— What is needed —
Wherever the records include pictures, skip them and transcribe all the rest word for word.

[Opening Supplied material section]

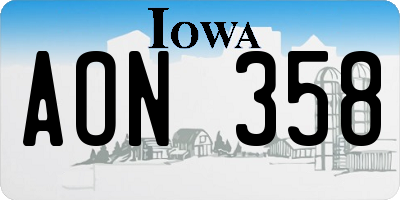 IA license plate AON358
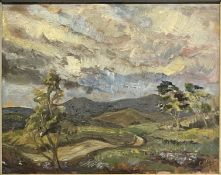 G. KELLY (20TH CENTURY) - 1957 UNTITLED OIL ON BOARD LANDSCAPE PAINTING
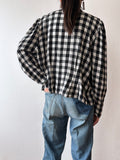 80s France gingham plaid with china button blouse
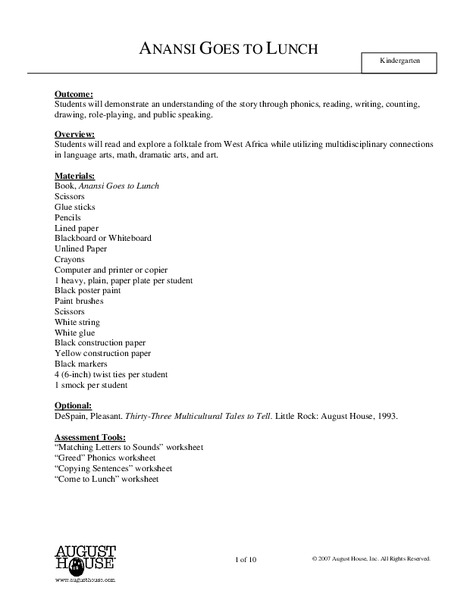 Anansi Goes To Lunch Lesson Plan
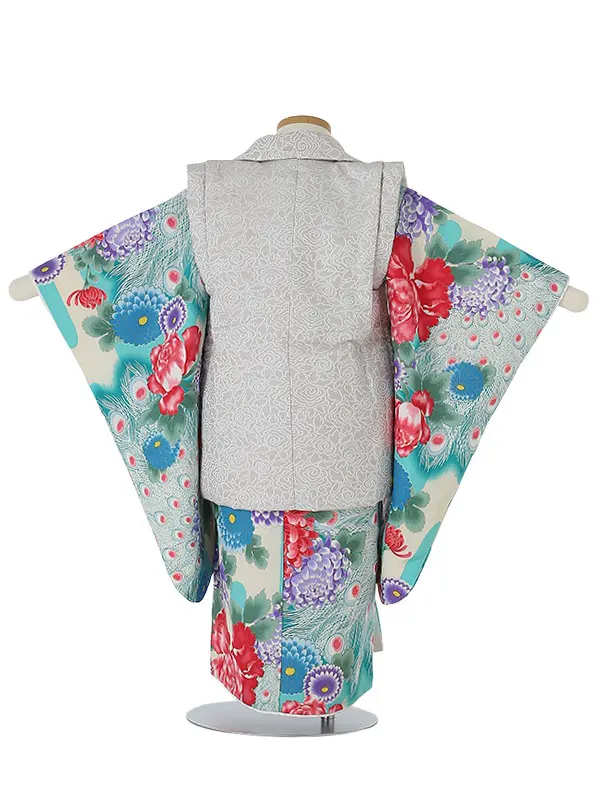 七五三(3歳女被布)B323 孔雀の羽と秋の花々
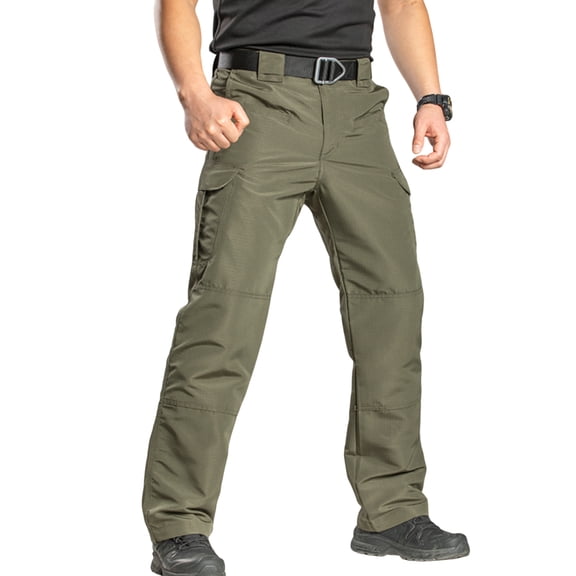 Domzest Men's Cargo Pants Ripstop Water Resistant Hiking Work Pants Outdoor Multi Pockets Army Tactical Pants Green M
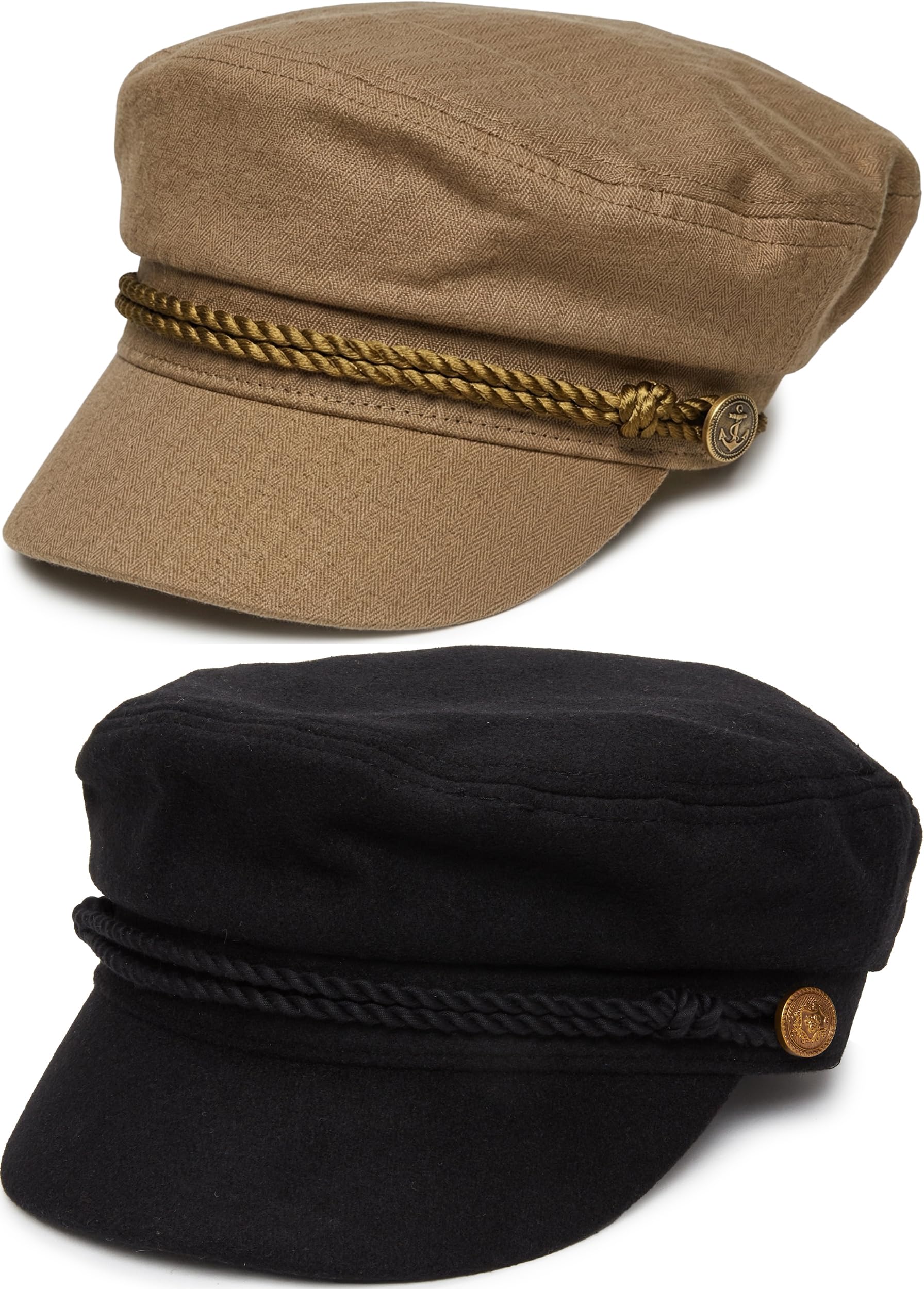 Funky Junque Greek Fisherman Newsboy Cap, Cotton Captains Bakerboy Hat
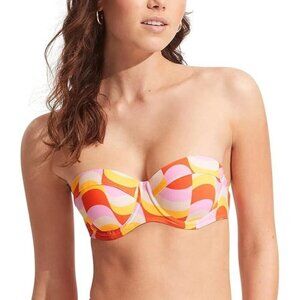 Seafolly Underwire Bustier Bralette Bikini Top Swimsuit Modern Take Mandarin NWT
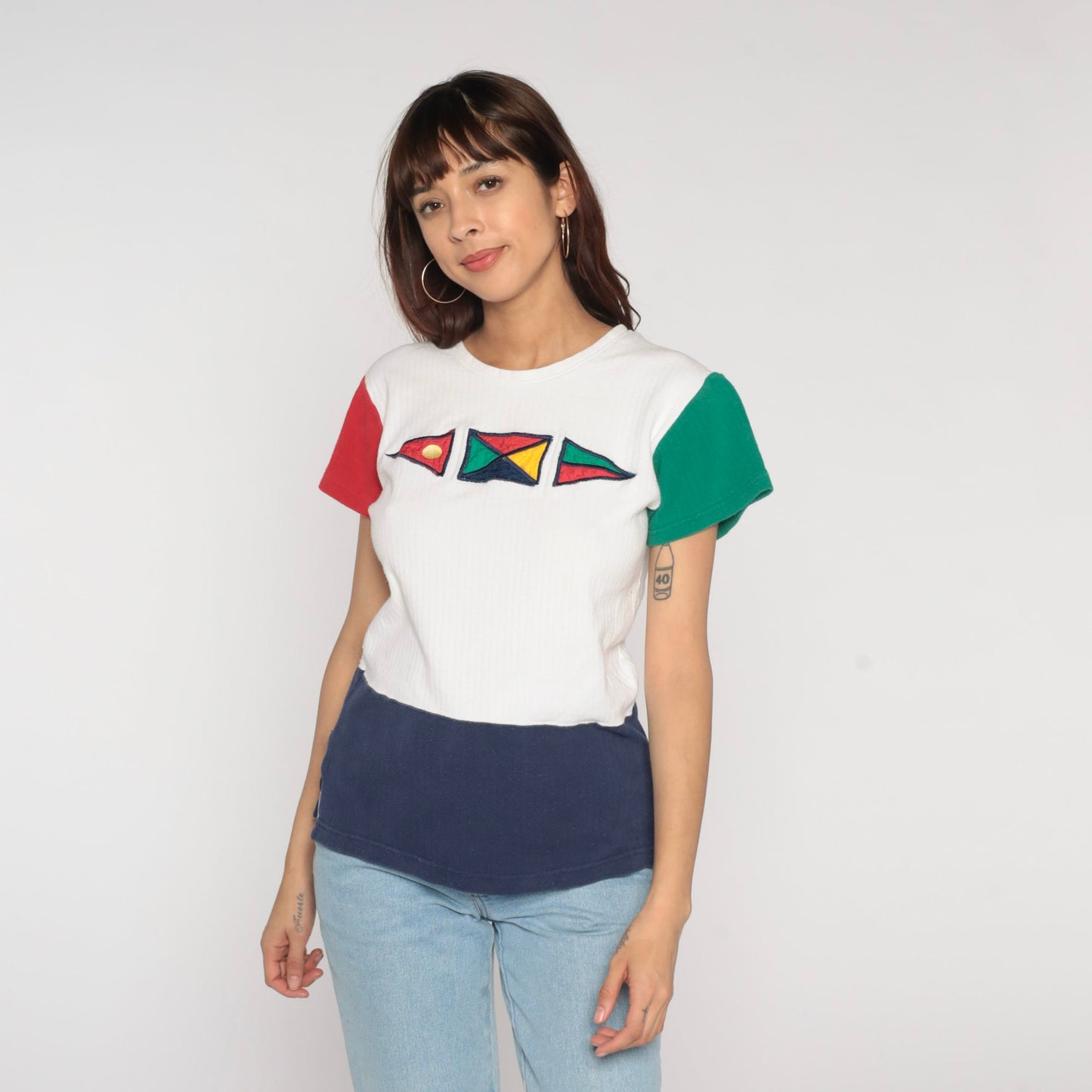 90s Nautical Flag Colour Block T-Shirt White Red Green Blue Sailing Tee Small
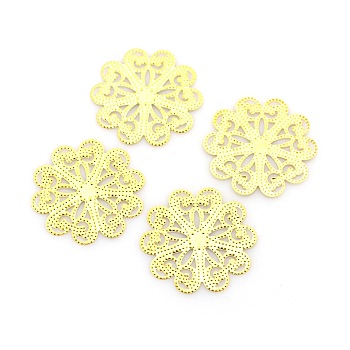 Flower Iron Filigree Findings for Hair Accessories Making, Golden, 27x0.5mm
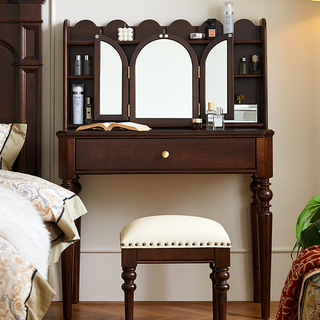 Old chief french retro style dressing table with makeup mirror makeup table all solid wood american small apartment walnut color bedroom furniture dressing table + makeup stool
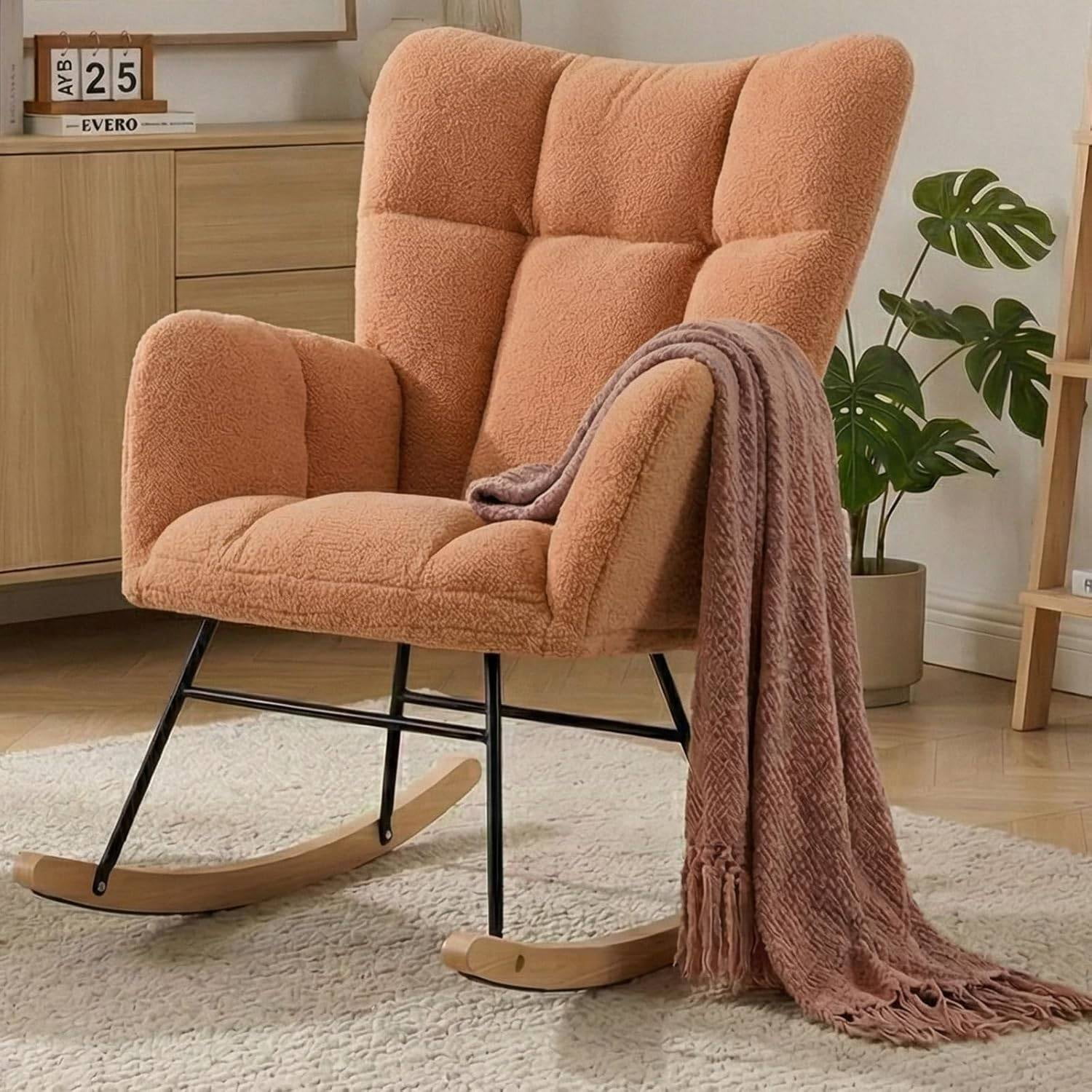 Upholstered Glider Rocking Chair with Thick Cushion, Tufted Design and Wood Legs, Cozy Armchair for Nursery or Living Room (Khaki)
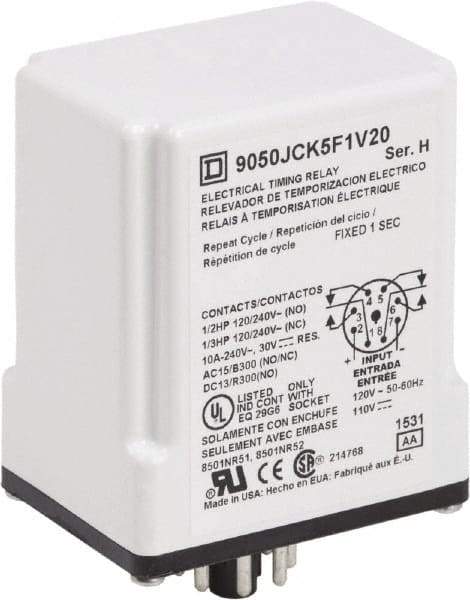 Square D - DPDT Time Delay Relay - 10 Contact Amp, 110 VDC & 120 VAC - Exact Tool & Supply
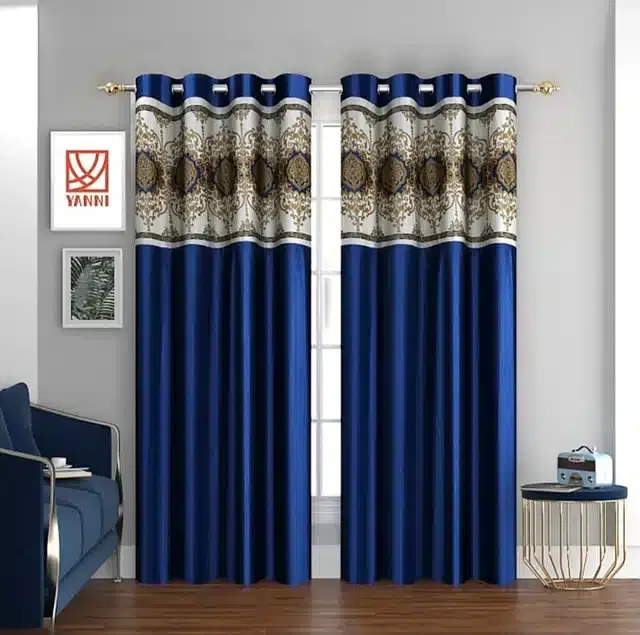 Door Curtains, Pack of 2, Dark Blue, 7 feet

[Closing Supplied material section]

— Result of the task —
 IA license plate AON358
 G. KELLY (20TH CENTURY) - 1957 UNTITLED OIL ON BOARD LANDSCAPE PAINTING
 80s France gingham plaid with china button blouse
 Anansi Goes To Lunch Lesson Plan
 七五三(3歳女被布)B323 孔雀の羽と秋の花々
 Domzest Men's Cargo Pants Ripstop Water Resistant Hiking Work Pants Outdoor Multi Pockets Army Tactical Pants Green M
 Funky Junque Greek Fisherman Newsboy Cap, Cotton Captains Bakerboy Hat
 Seafolly Underwire Bustier Bralette Bikini Top Swimsuit Modern Take Mandarin NWT
 90s Nautical Flag Colour Block T-Shirt White Red Green Blue Sailing Tee Small
 Flower Iron Filigree Findings for Hair Accessories Making, Golden, 27x0.5mm
 Old chief french retro style dressing table with makeup mirror makeup table all solid wood american small apartment walnut color bedroom furniture dressing table + makeup stool
 Upholstered Glider Rocking Chair with Thick Cushion, Tufted Design and Wood Legs, Cozy Armchair for Nursery or Living Room (Khaki)
 Square D - DPDT Time Delay Relay - 10 Contact Amp, 110 VDC & 120 VAC - Exact Tool & Supply
 Door Curtains, Pack of 2, Dark Blue, 7 feet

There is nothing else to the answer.